Etrüsklerin inançları , doğal olarak dillerine oranla daha iyi bilinmektedir. Latin yazarları onların dini hakkında yeterli olmasa da bilgi aktarmışlardır. Etrüsklerin dini “vahiy edilmiş” bir din idi . Latin yazarları bu yönde bilgiler vermişlerdir.

De Divinatione adlı eserinde Çiçero bunu ilginç bir şekilde anlatır : Çok eski zamanlarda ( Diğer yazarlar Tarquinia’nın kurucusu Tarchon zamanı diye belirtirler.) bir köylü ( belki de Tarchon’un kendisi ) toprağı sürerken topraktan bir çocuk fırlar. Tages adındaki bu yaratık çocuk görüntüsünde olmasına rağmen kendinde bir yaşlı adama yakışan bir bilgelik vardır.
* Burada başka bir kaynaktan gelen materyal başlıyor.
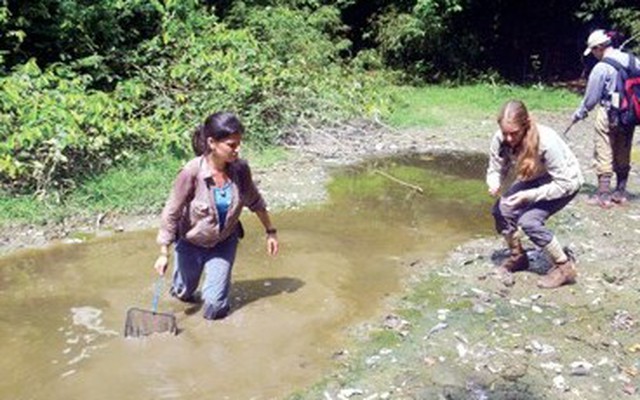 Săn tìm... "hậu duệ khủng long" thời tiền sử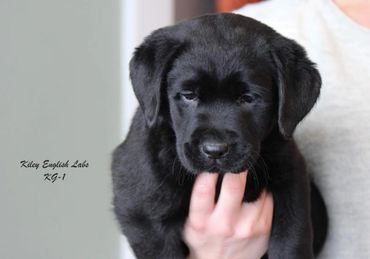 English Black Lab puppies for sale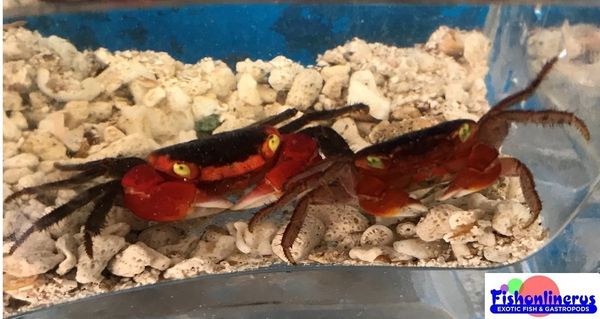 Red Apple Crab Freshwater Fishonlinerus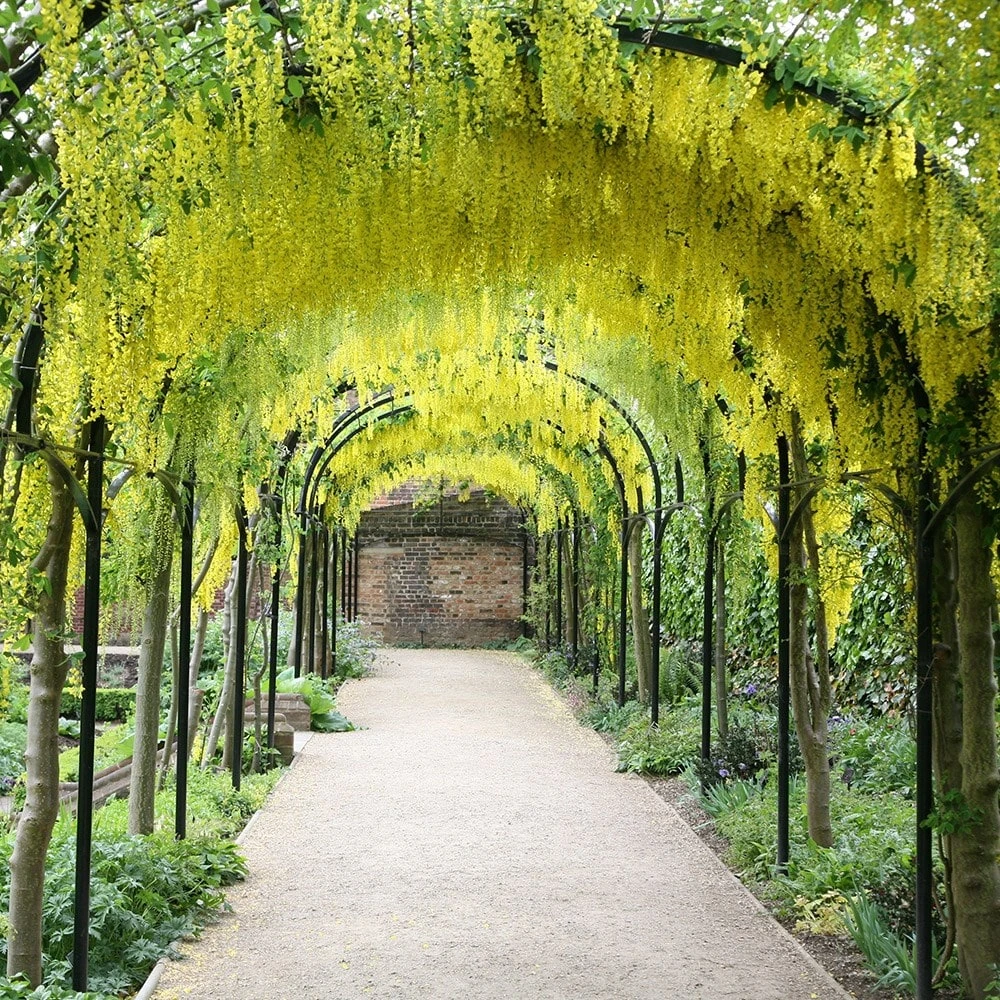 Laburnum × Watereri 'Vossii' 2 Laburnum × Watereri 'Vossii' - Image 2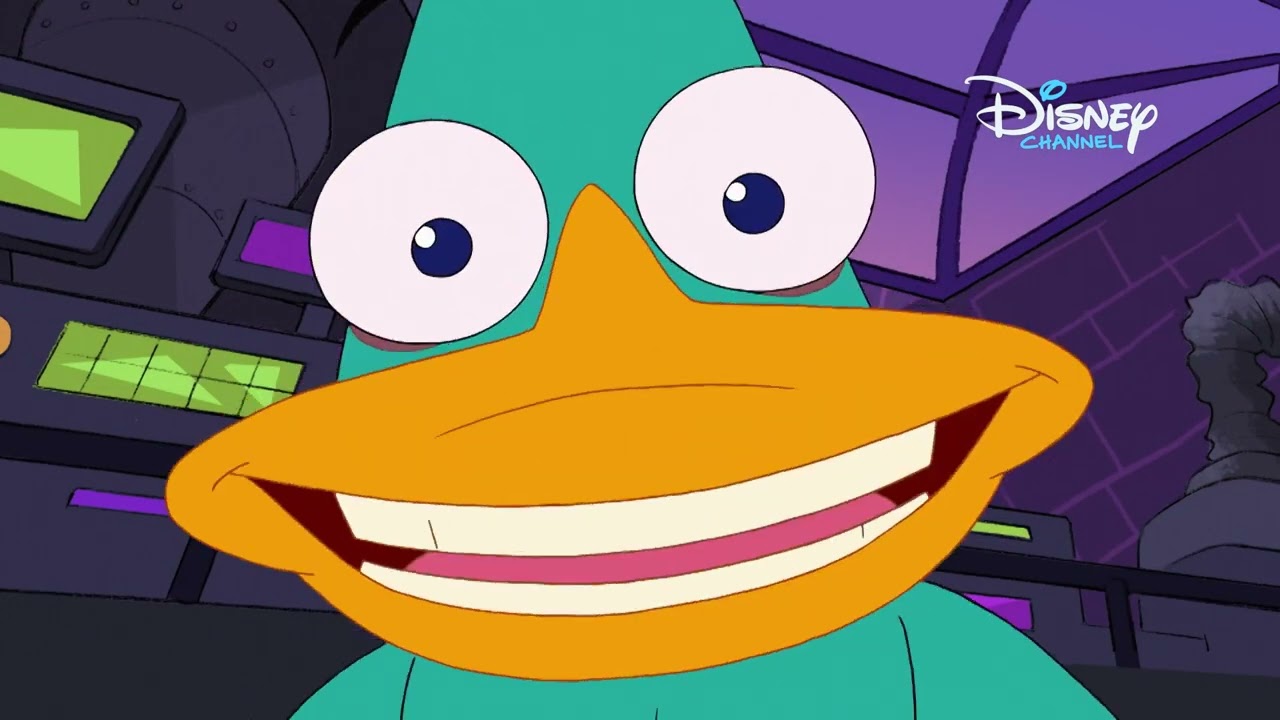 🦫 DunderDziobak | Fineasz i Ferb | Disney Channel Polska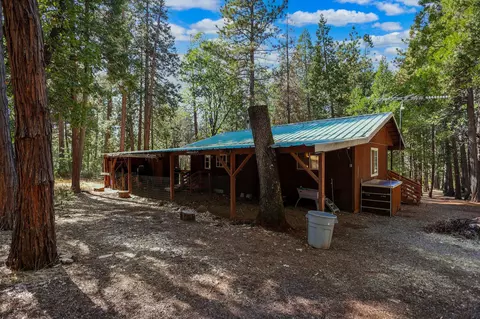 21800 Cedar Ridge Rd, Manton, CA 96059 photo 28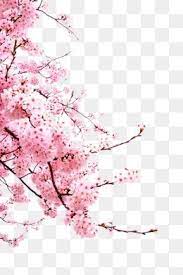 Cherry Blossoms Bunga Sakura Bunga Ilustrasi Poster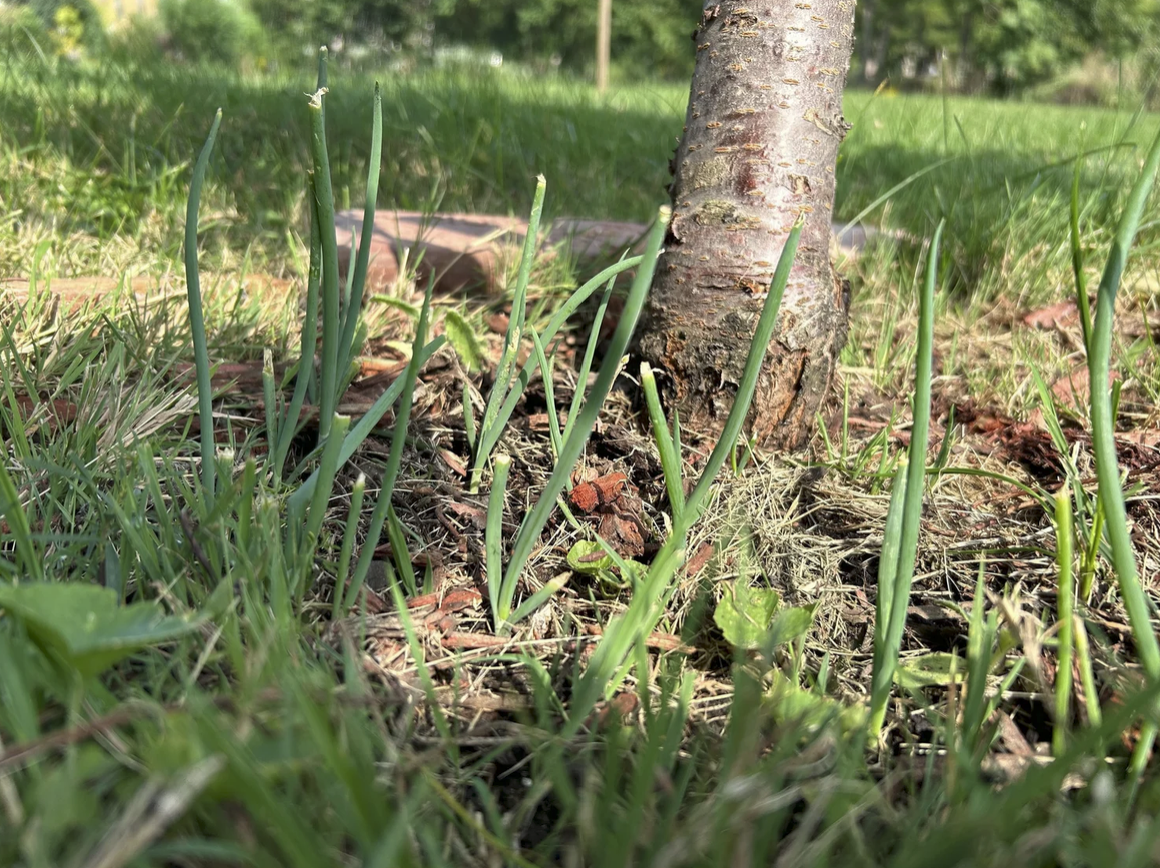 Onions sprouting as companion crops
Etruria’nın her yerinden toplanırlar ve Tages de Etrüskler’e Haruspici ( Kurbanın karaciğerine bakarak fal ) sanatını ve dinin esaslarını açıklar . ( Tages quidam dicitur in agro Tarquiniensi cum terra araretur et sulcus altius erat impressus , exstitisse repente et eum affratus esse qui arabat . Is autem Tages , ut in libris est Etruscorum , puerili specie dicitur visus sed senili fuisse prudentia … Tum illum plura locutum multis audientibus qui omnia ejus verba exceperint litterisque mandaverint…De Divinatione II,23 )

Bu efsanede dikkat çekici yönlerden biri de Tages’in anlattıklarını dinlemek için Etruria’nın her yerinden gelip toplanmalarıdır. Burada bu dinin Etrüskler arasında bağlayıcı olduğunu ve “ milli “ bir din olduğunu görüyoruz.

Başka yazarlar göre bu “vahiy”in bir bölümü bir peri olan Vegoia ( ya da Begoe ) tarafından Etrüskler’e bildirilmiştir. Bu peri ayrıca yıldırımları de yorumlamayı öğretmiştir. Bu bilgileri kapsayan Libri Vegonici Augustus zamanından itibaren Palatin’deki Apollon tapınağında saklanmıştır.

Etrüskler’in kutsal kitapları bunlarla da bitmemektedir. Etrüskler’in din esaslarını içeren kitapları üç başlık altındadır :

Libri Haruspicini kurbanın ciğerine bakarak kehanette bulunma sanatını anlatır.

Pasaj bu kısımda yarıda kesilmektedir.